The specific selection of bioreactor should be driven by cell type and scale of production, “and a multipurpose facility will require several different bioreactor sizes and production configurations.”

Once the adequate volume and required concentration (density of cells) is obtained, says Ligner, “you are ready for down-stream processing [washing and concentrating cells], and fill and finish preparation for final infusion back into the patients.”

“This is accomplished using various equipment – typically a closed centrifuge again – capable of handling the volumes coming from the bioreactor, and affording additional liquid management to keep the system closed throughout the process.”

Vital to the (even short-term) storing and transport of the therapy is what Ligner refers to as “cryo protection.”

Equipment to carefully freeze cells under controlled conditions to maintain their viability and potency, for example, and then cold store and transport, is essential. (Anticipating this growing need, GE acquired Asymptote, a maker of “cryochain technology.”)

At the final end of the production cycle, Ligner reminds me, it is equally essential for the accurate and careful thawing of the product before injection.

“The product must be warmed up again, according to very controlled protocols, so you don't damage your cells,” he explains.

“The cool down to a freezing point and warm up to an infusion point are done with two different pieces of equipment.
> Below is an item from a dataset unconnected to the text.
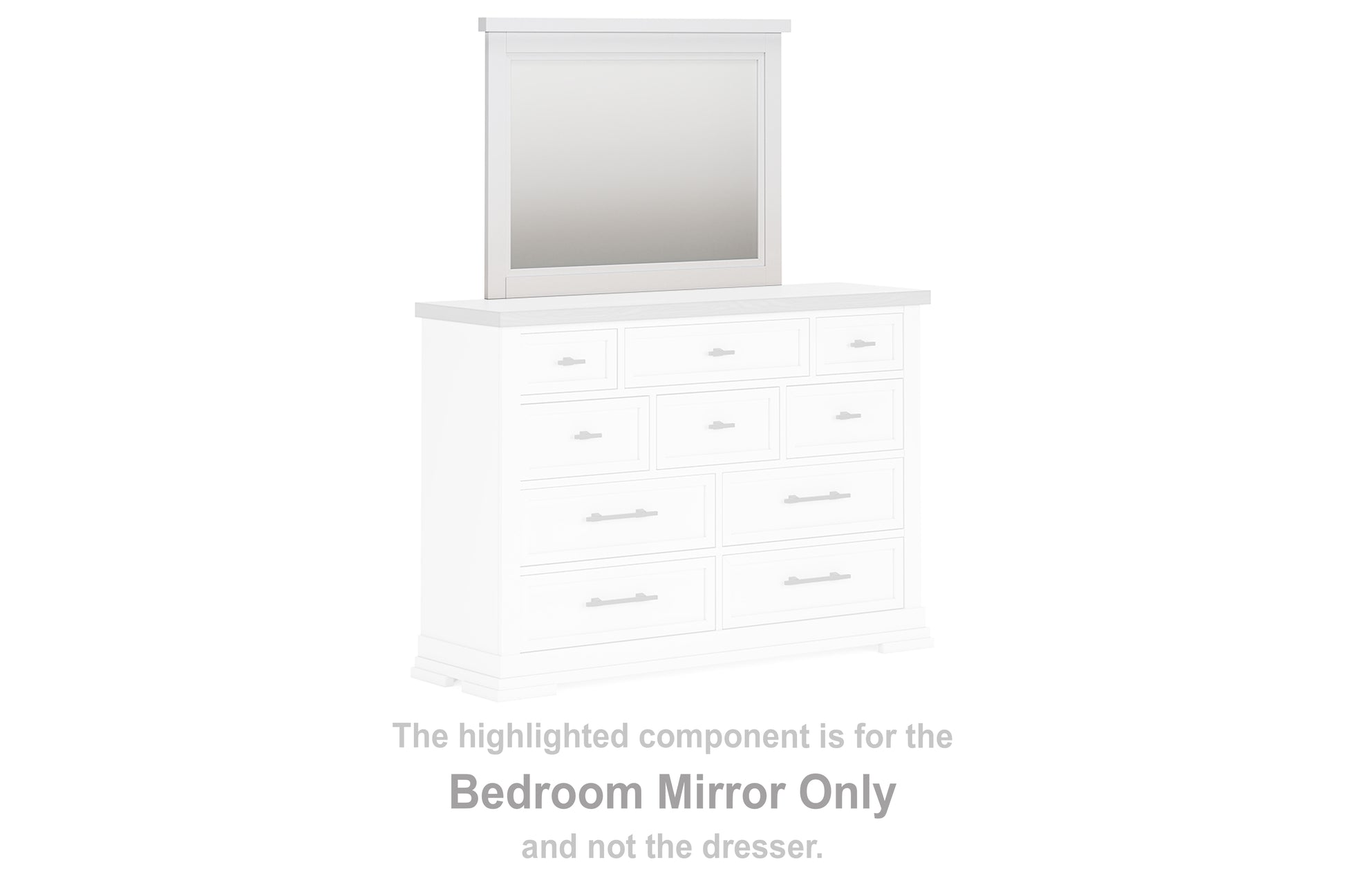 Bradenton Furniture Outlet - Ashley Furniture - Ashbryn Bedroom - Bedroom Mirror / White/Natural - B844-36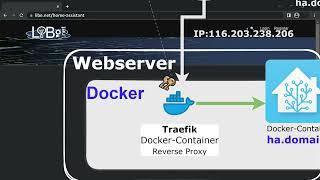 Docker Webservices betreiben und sicher über das Internet veröffentlichen am Beispiel Home Assistant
You must have appropriate thawing equipment at the point of care of the patient. The thawing equipment should be capable of working with a variety of different product configurations, from vials to product bags specially designed for infusion procedures.”

“Manufacturing” Vital Viral Vectors

In this second diagram, “LV” is lentiviral vector, and “AAV” is adeno-associated virus. As we have mentioned, the production of viral vectors in sufficient quantities for clinical applications remains a high hurdle. Ligner reiterates that to genetically modify a cell, you need a viral vector, and for viral vector manufacturing there is a “large list of equipment that can be utilized.”

“If you think about cell therapy, you modify genetically the cell of the patient ex vivo using a viral vector. If you think about gene therapy, that modification occurs directly in the patient.

“But in both cases, you need viral vectors to carry the gene inside the cells, either ex vivo or in vivo.”

Furthermore, and the reason I enclosed “manufacture” in quotations above, the production of viral vectors takes on quite a different meaning from, for example, small-molecule API manufacture.

“Think about it this way,” says Ligner, selecting a monoclonal antibody (mAb) as an example. “Your ‘factory’ for the antibody is actually your cell – perhaps a Chinese hamster ovary (CHO) or other mammalian cell.

“So while we have all this supporting equipment, in essence the cell is your factory. You need to modify this and grow it in very large quantities. And then the cell is going to express protein, which you purify”

A distinction to note: 

Autologous CAR T-cell therapies are created by genetically modifying a patient's own immune cells to target specific cancer cells before injecting them back into the patient.

Conversely, in an allogeneic CAR T-cell therapy, immune cells are instead collected from healthy donors (rather than specific patients), and genetically modified to make them “compatible with patients in an off-the-shelf manner.”

Concludes Ligner regarding both the personalized and the allogeneic approaches: “We have equipment for that.”

Make sure your own facility or your CDMO’s does, too.